■ Problem
Reproduce what is written in the records below exactly, and leave out the images.

■ Records for the exercise
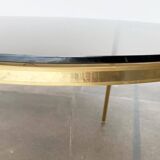 Mid-century Hollywood Regency style coffee table in brass and glass, made in Germany by Vereinigte Werkstätten, 1960s.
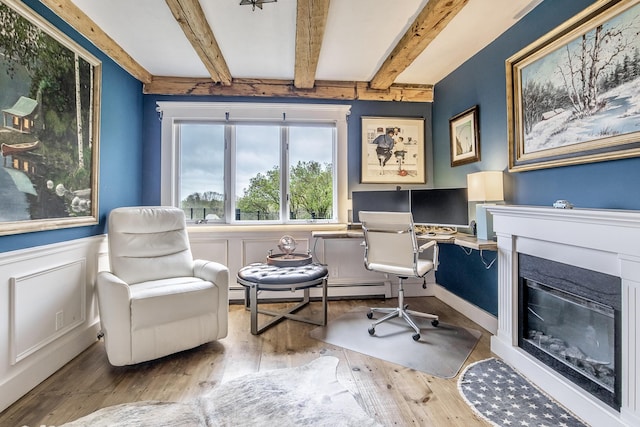sitting room with a wainscoted wall, beamed ceiling, a baseboard radiator, and hardwood / wood-style floors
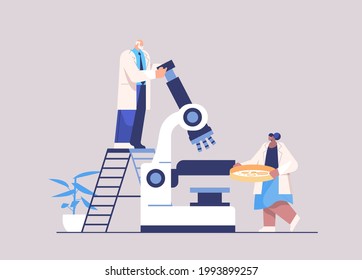 research scientist team working with microscope researchers making chemical experiment in laboratory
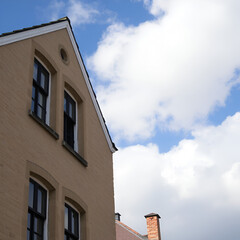 Fototapeta premium Gable with Windows of Old White Painted Stone Building against Blue Cloudy Sky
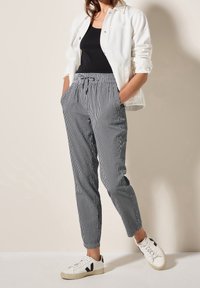 Pantalons à rayures noirs et blancs avec une taille élastique, des poches avant et des jambes fuselées, associés à une veste blanche et des baskets.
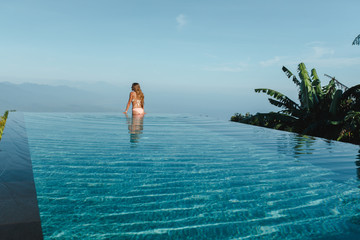 Slim young woman in swimsuit relaxing on edge tropical infinity pool in mountains. Palms around and...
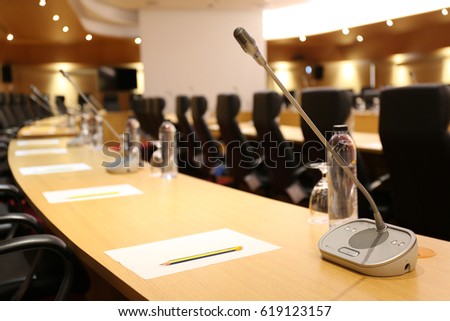 Close up one microphone in conference room and voice in room for background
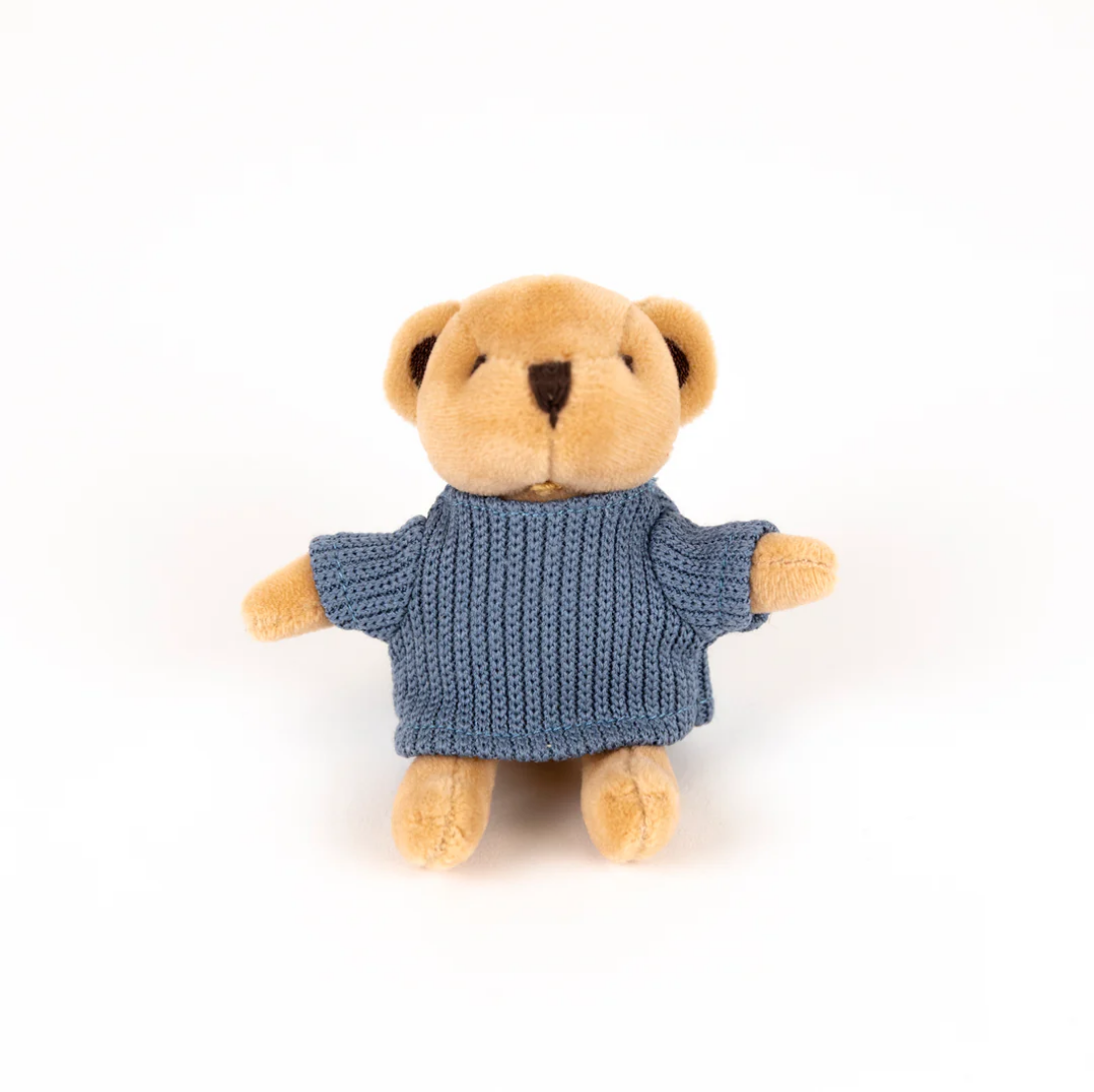 Stuffed teddy bear wearing a blue knitted sweater on a white background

■ Answer to the problem
 Mid-century Hollywood Regency style coffee table in brass and glass, made in Germany by Vereinigte Werkstätten, 1960s.
sitting room with a wainscoted wall, beamed ceiling, a baseboard radiator, and hardwood / wood-style floors
 research scientist team working with microscope researchers making chemical experiment in laboratory
 Fototapeta premium Gable with Windows of Old White Painted Stone Building against Blue Cloudy Sky
 Pantalons à rayures noirs et blancs avec une taille élastique, des poches avant et des jambes fuselées, associés à une veste blanche et des baskets.
 Slim young woman in swimsuit relaxing on edge tropical infinity pool in mountains. Palms around and...
 Close up one microphone in conference room and voice in room for background
 Stuffed teddy bear wearing a blue knitted sweater on a white background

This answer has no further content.